CVE-2023-24021 (https://github.com/SpiderLabs/ModSecurity/releases/tag/v2.9.7): In ModSecurity before 2.9.7, FILES_TMP_CONTENT sometimes lacked the complete content. This can lead to a Web Application Firewall bypass. This particular fix is in 2.9.7, but it 3.x affected? According to URL, "It's a bit unfortunate it comes out of the blue, since we could have written a better advisory than the one now listed at NIST. https://nvd.nist.gov/vuln/detail/CVE-2023-24021 Namely because the problem is bigger than it seems. What I do not like about the situation is that the Changelog makes it look rather innocent, when it can be abused for a buffer overflow. This gives attackers taking a deeper look an advantage over users who read the changelog and think it's no big deal."
CVE-2022-48279: https://coreruleset.org/20220919/crs-version-3-3-3-and-3-2-2-covering-several-cves/ In ModSecurity before 2.9.6 and 3.x before 3.0.8, HTTP multipart requests were incorrectly parsed and could bypass the Web Application Firewall. NOTE: this is related to CVE-2022-39956 but can be considered independent changes to the ModSecurity (C language) codebase. This is fixed in 2.9.6 and 3.0.8.
The bug has been referenced in the following commit(s): https://gitweb.gentoo.org/repo/gentoo.git/commit/?id=ff270e81a87d860d557a52ee763ad810f93e586a commit ff270e81a87d860d557a52ee763ad810f93e586a Author: Tomáš Mózes <hydrapolic@gmail.com> AuthorDate: 2023-01-25 15:27:47 +0000 Commit: Joonas Niilola <juippis@gentoo.org> CommitDate: 2023-02-05 09:12:51 +0000 www-apache/mod_security: add 2.9.7 Bug: https://bugs.gentoo.org/891777 Signed-off-by: Tomáš Mózes <hydrapolic@gmail.com> Closes: https://github.com/gentoo/gentoo/pull/29267 Signed-off-by: Joonas Niilola <juippis@gentoo.org> www-apache/mod_security/Manifest | 1 + www-apache/mod_security/metadata.xml | 4 + www-apache/mod_security/mod_security-2.9.7.ebuild | 128 ++++++++++++++++++++++ 3 files changed, 133 insertions(+)

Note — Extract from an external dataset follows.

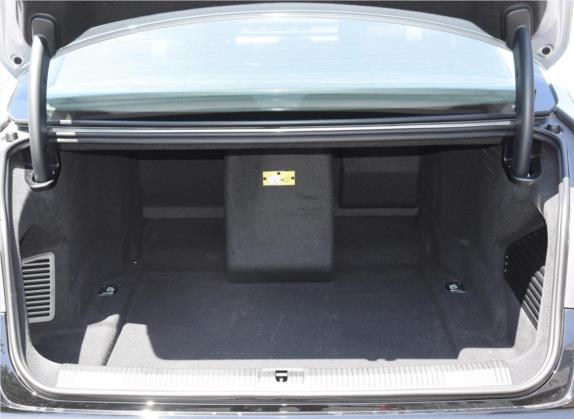 奥迪A8 2022款 A8L Horch创始人版 双色典藏型 车厢座椅   后备厢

Hm. Apparently there's two packages based on the SpiderLabs upstream, dev-libs/modsecurity and www-apache/mod_security. Are they the same thing? Are they both affected by these? There's also www-apache/modsecurity-crs, is that affected too?
CVE-2023-28882 (https://www.trustwave.com/en-us/resources/security-resources/software-updates/announcing-modsecurity-version-309/): Trustwave ModSecurity 3.0.5 through 3.0.8 before 3.0.9 allows a denial of service (worker crash and unresponsiveness) because some inputs cause a segfault in the Transaction class for some configurations.

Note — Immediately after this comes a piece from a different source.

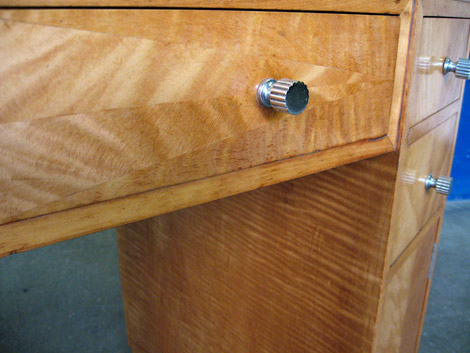 Art Deco writing table in figured maple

(In reply to John Helmert III from comment #0) > What I do not like about the situation is that the Changelog makes it > look rather innocent, when it can be abused for a buffer > overflow. This gives attackers taking a deeper look an advantage over > users who read the changelog and think it's no big deal." The claim of a buffer overflow was retracted: https://github.com/SpiderLabs/ModSecurity/pull/2857 (it's a buffer over-read). Release notes are here: https://www.trustwave.com/en-us/resources/security-resources/software-updates/announcing-modsecurity-version-297/ My understanding is also that version 3.x is more or less a rewrite that is less linked to apache, so it's not strange that there is no mention of 3.x as being vulnerable.
(In reply to John Helmert III from comment #3) > Hm. Apparently there's two packages based on the SpiderLabs upstream, > dev-libs/modsecurity and www-apache/mod_security. Are they the same thing? > Are they both affected by these? dev-libs/modsecurity is upstream's 3.x taking a more generic (i.e. non-apache) approach. www-apache/mod_security is upstream's 2.x. > There's also www-apache/modsecurity-crs, is that affected too? www-apache/modsecurity-crs is the core rule set that can be applied by either the 2.x or 3.x versions.